1. A method for circularly accessing a plurality of memory addresses, using a sequence of a plurality of m values wherein each value is represented by a predefined number of n bits, comprising

initializing a plurality of bits of a register of a processor with a bit sequence including a concatenation of the m bit representations of the respective m values; and

repeatedly

rotating the plurality of bits of the register with a number of bits equal to an integer multiple of n;

reading n predetermined bits of the register corresponding to one of the m bit representations to obtain one of the m respective values; and

identifying a memory address based on the obtained value.

2. The method according to claim 1, further comprising

identifying a table base address; and

reading or writing a memory at the identified memory address; wherein

the step of identifying the memory address is also performed in dependence on the table base address.
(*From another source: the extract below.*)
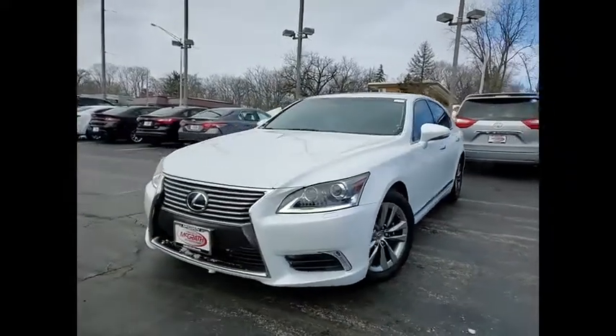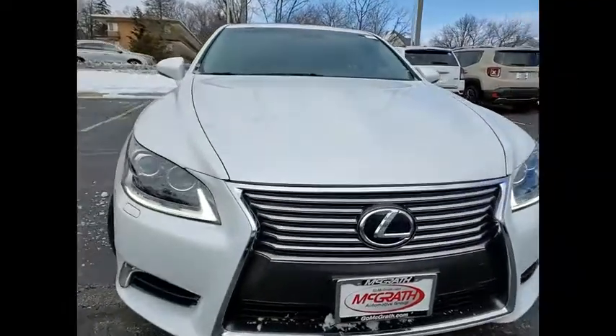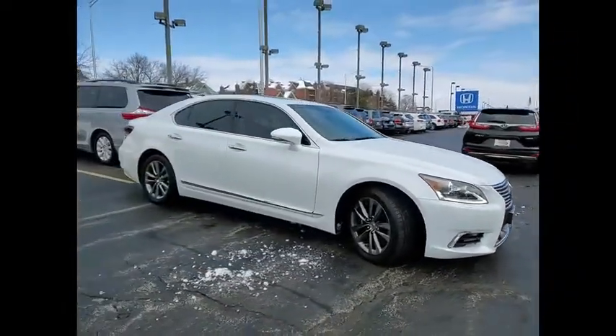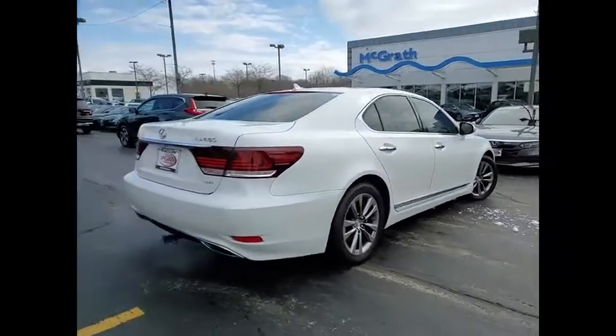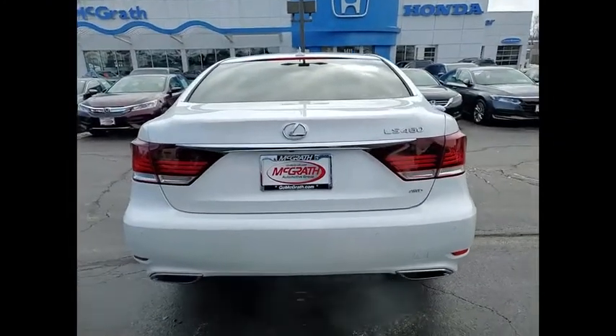Stop by and take a look at the 2013 LS460. Refined and indulgent, yet willing to let loose when given the opportunity, the LS460 boasts a V8 engine that delivers 380 horsepower with an innovative 8-speed automatic transmission. This vehicle has less than 55,000 miles.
3. The method of claim 2, further comprising

reading a pointer value at the identified memory address;

reading or writing the memory at an address based on the pointer value.
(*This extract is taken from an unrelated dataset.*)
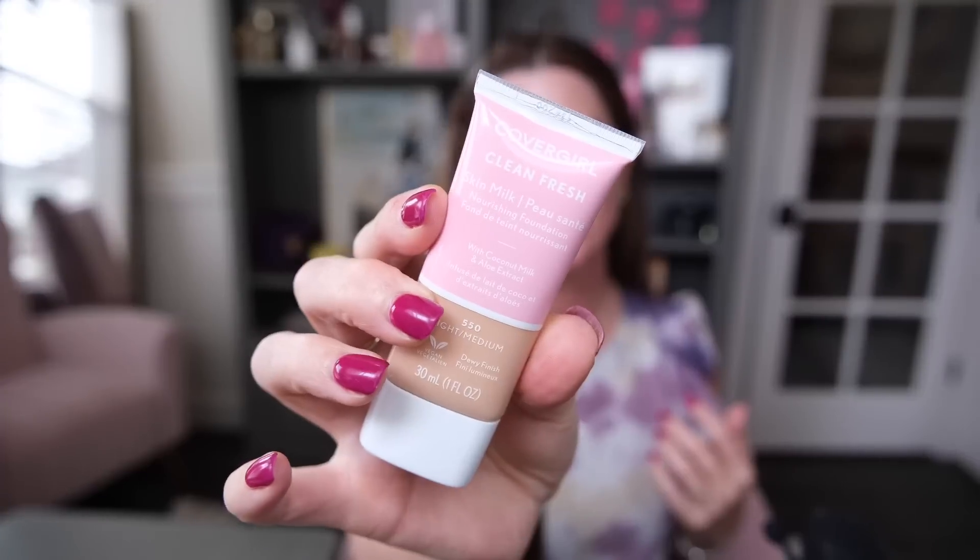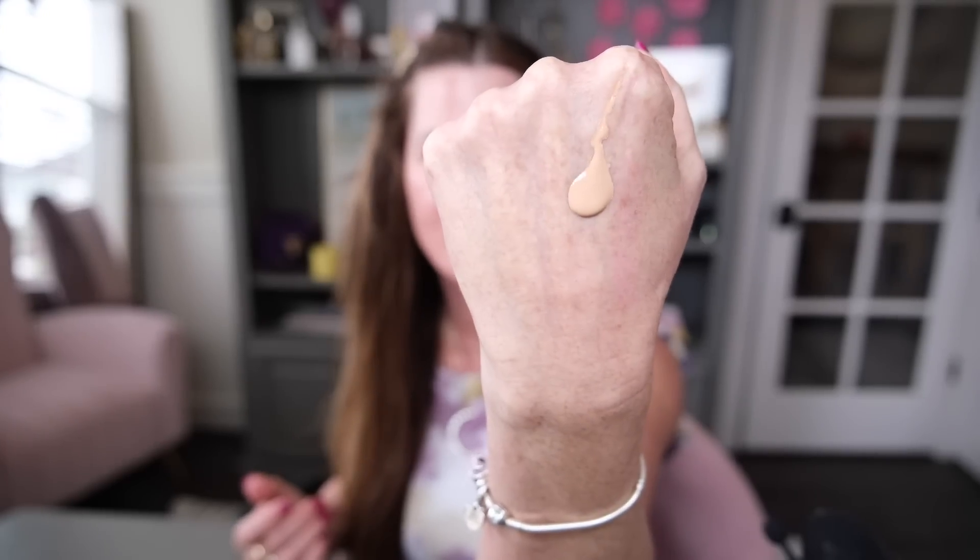Let's start with foundation. I picked up this foundation from CoverGirl — it's not brand new or anything, but it is new to me. It is their Clean Fresh Skin Milk, and I realized it reminds me a lot of my Hermès Plein Air foundation. That foundation is $70, and this one is under $10. Obviously, this is a better deal. So this is what it looks like.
4. The method of claim 3, wherein the steps of

obtaining a value represented by n predetermined bits of the register,

identifying a memory address,

reading a pointer value, and

reading or writing the memory

are performed a plurality of times for different predetermined bits of the register resulting in different respective read pointer values between two successive performances of the step of rotating the plurality of bits.

5. The method of claim 4, wherein the step of obtaining a value represented by n predetermined bits of the register is performed for all m values, each value being represented by a respective n bits.
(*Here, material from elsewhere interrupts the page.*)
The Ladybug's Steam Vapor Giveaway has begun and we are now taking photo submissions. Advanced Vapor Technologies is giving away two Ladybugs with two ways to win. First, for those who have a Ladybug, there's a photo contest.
6. The method of claim 4, wherein the respective read pointer values are associated with respective memory buffers, and the method comprises processing data stored in a plurality of the respective memory buffers.

7. The method of claim 6, wherein the step of processing data comprises performing a block type operation on an at least two-dimensional image, each memory buffer being loaded with a line of the image, the loaded lines collectively comprising block-shaped subsets of the image, and the block type operation is performed on blocks of pixels of the image by reading corresponding pixel values from the memory buffers.

8. A computer program product comprising instructions for causing a processor to perform the method of claim 1.

9. A system for circularly accessing a plurality of memory addresses, using a sequence of a plurality of m values wherein each value is represented by a predefined number of n bits, comprising

means for initializing a plurality of bits of a register of a processor with a bit sequence including a concatenation of the m bit representations of the respective m values; and

means for repeatedly

means for reading n predetermined bits of the register corresponding to one of the m bit representations to obtain one of the m respective values; and

means for identifying a memory address based on the obtained value.